Gregory was now indignant, he got up and yelled, “You’re going to jail, my friend! You’re going to jail!” and he marched down the hall and took the elevator to the lobby where he intended to call the police from the security desk. Like a surgeon removing a cancer from a chest cavity.
The police were already in the lobby when Gregory got there. Gregory tried to speak, but for some reason, he could not form words. He tried to run back to the elevator to use the reflective surface of the elevator doors to check to see if he had the characteristic drooping of a stroke victim, but the police took him down before he could take three steps. They held his arms, they held his legs, they put zip ties on him to hold him still. Gregory shouted wordlessly about having a stroke, but to no avail.
When he was fully tied up, one of the officers leaned down and said, “Hey, do you have an ID? Can I look in your pockets? Is there anything in there that’s going to hurt me?”
Suddenly Gregory had his tongue back, “My wallet’s in my back pocket, I live here. Please call the ambulance, I think I’ve had a stroke.”
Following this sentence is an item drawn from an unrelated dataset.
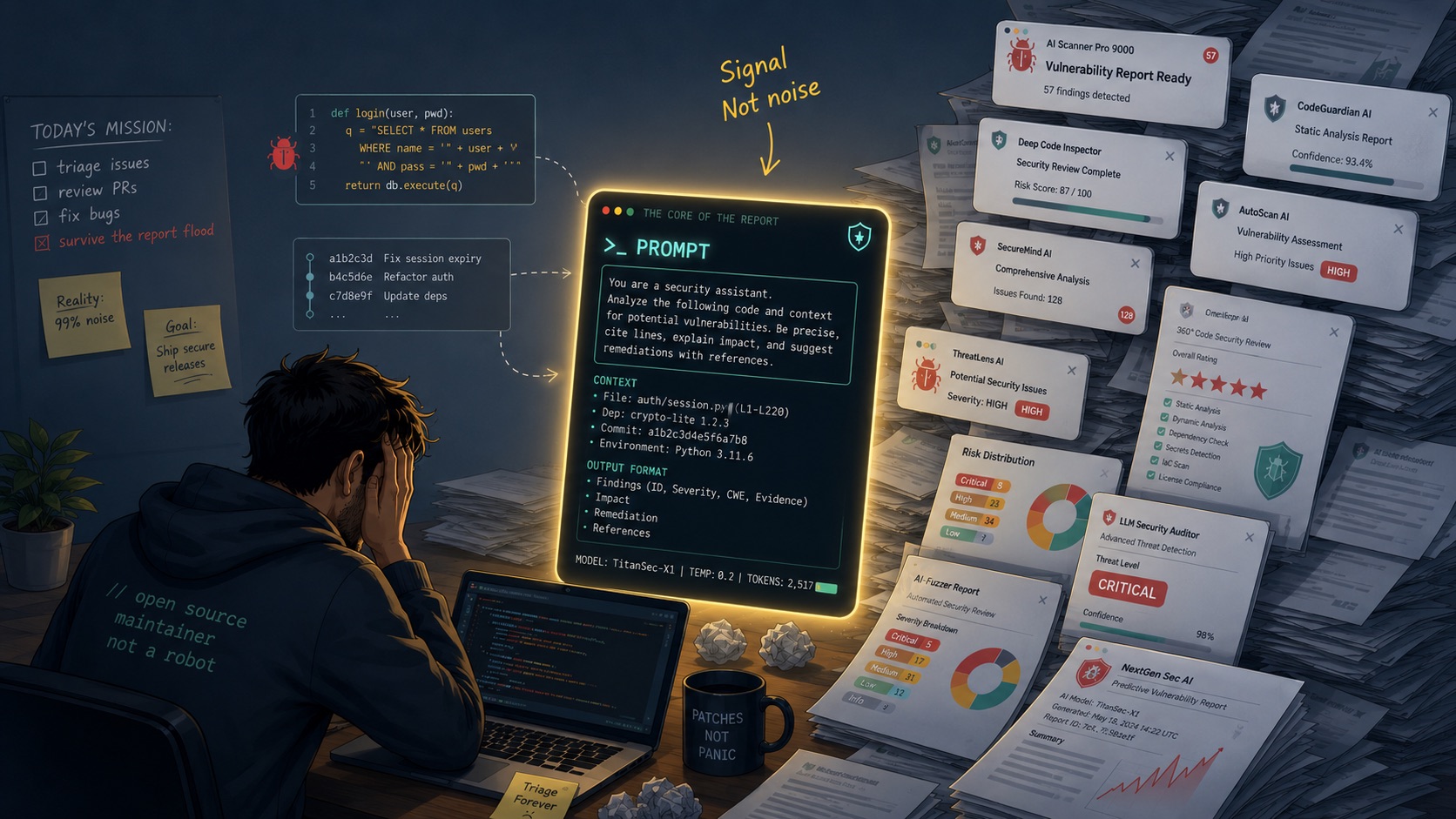 Open Source Maintainer overwhelmed with AI reported vulnerabilities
“Emergency services are on their way,” the one cop said as he felt the other one rifle through his pockets. There was a pause. The way that he was trussed up, he couldn’t help but stare at the polished marble flooring. “You don’t have a wallet on you. We’re going to have to take you in to sort this out.”
He started to fight against his binds. He whimpered and felt panic rise is his guts. The cop told him to be still and the other one asked, “Let’s just start with your name. What’s your name.”
The panic was now palpable, his mind raced for a name, his name, but he couldn’t remember. He couldn’t remember his own name! “I can’t remember!” he wept, “Oh my god, I can’t remember my own name!”
…
Gregory and Theresa are walking through the park catty-corner to his apartment and it’s a beautiful crisp fall morning. The dew is dripping off of the branches of the trees and beating a beautiful tattoo on the bright green leaves.
Theresa is telling Gregory about the sonogram appointment and he’s filled with a pleasantly warm feeling even though the cold threatens to cut through his jacket.
After some time in walking, they pass by a culvert where a homeless man is barking meaningless strings of syllables, his neck wrapped in a dirty and torn Arsenal scarf.
“He even took my name,” the unwell man laughs, “He even took my name!”
“What do you think he meant by that?” Theresa asked, clearly disturbed by the man’s words.
“Who can tell,” Gregory said and kissed the top of her head, squeezed her hand reassuringly. “Who can tell?”